Divorce Attorney John Crouch, Director of Americans for Divorce Reform, favors a Modified No Fault Law requiring Mutual Consent of parents of young children. Why?: "A large proportion of divorces would be avoided altogether, and most of the rest would be settled out of court. Divorces would be fairer to both parties with less legal fees.  I believe it could reduce divorce rates as much as 50 percent. Changing the rules about ending a marriage would prevent a lot of marriages from breaking down in the first place. They would not only influence the decision to divorce, but the behavior and choices that lead to divorce."

       Since divorce is the cause of half of all single mothers with children who are in poverty, the cost to American taxpayers is $115 billion.  About three-quarters of that cost is federal, $88 billion.  If the divorce rate could be cut in half, the Federal Government would save about $44 billion.  Equally important, a half million kids a year would not experience a parental divorce.  That alone would save additional billions.  For example, children of divorce are three times as apt to have a child as an unwed teenager.

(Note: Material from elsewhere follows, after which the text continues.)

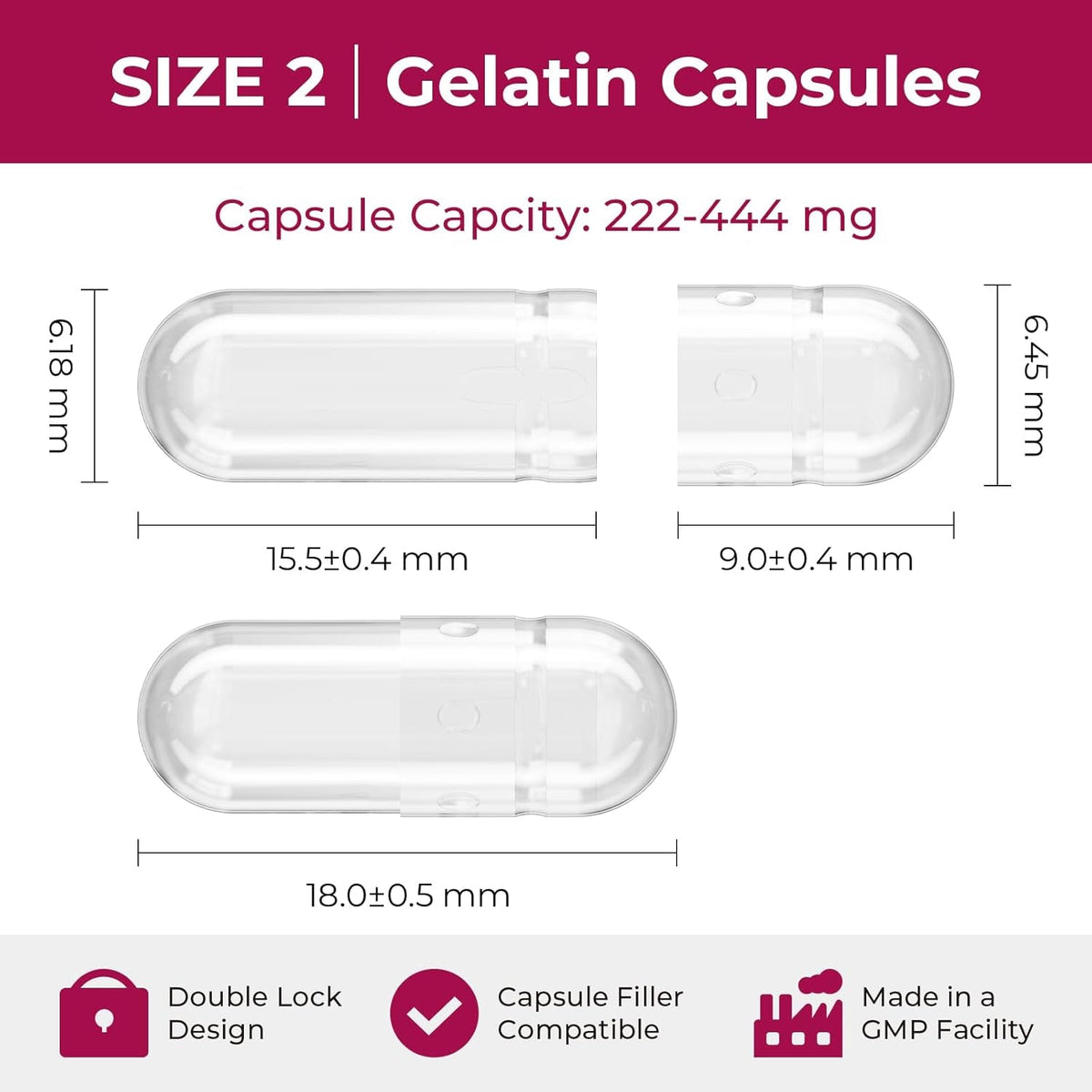 Empty Gelatin Capsules Size 2 - Gelatin Capsules Empty (100 Count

That mother then goes on welfare, adding to future costs, not included in the $44 billion figure.

       Divorce laws are a state responsibility.  What can Washington do to encourage the states to enact a law giving both parents a voice on divorce? 

       When Welfare Reform was passed in 1996, Washington paid $16.5 billion for public assistance.  The governors asked that that be repackaged as a block grant to states, which would not be cut even if welfare rolls fell. Welfare rolls did plunge 60%.  However, the unchanged block grant now givies states a $10 billion "Welfare Reform Surplus."

       Senate Republicans could propose that $1 billion of that sum, 10% of each state's share, be withheld until each state passes laws to give both parents of young children a voice on divorce.  Odds are, every state will pass enabling legislation. 
      
       Evidence?  Mothers Against Drunk Driving persuaded the Congress to withhold 10% of federal highway funding to states in 1984 until they raised the age at which liquor could be sold to young people form 18 to 21. Every state passed the law and none lost federal funding. The result: drunk driving deaths fell from 30,600 to 17,600!  Law CAN promote morality!

       Therefore, the Congress should amend welfare to withhold 10% from each state's share, until it modifies No Fault with Mutual Consent for couples with young children. Some 500,000 kids a year won't experience the pain and abandonment Michael Reagan described. With one house instead of two, their parents will have money to spend more productively, stimulating the economy.

       For 60 years Gallup Polls reported that two-thirds of Americans believe it is too easy to get divorced. If Senate Republicans take a step to cut America's divorce rate in half, they will earn credit for strengthening the American family and earn the appreciation of American voters, who will not forget their leadership.

       Republicans do not have the votes to stop the Obama plan.  But they could insist on a way to cut costs by lowering the demand for government services. That will stimulate the economy while building a nation of stronger families.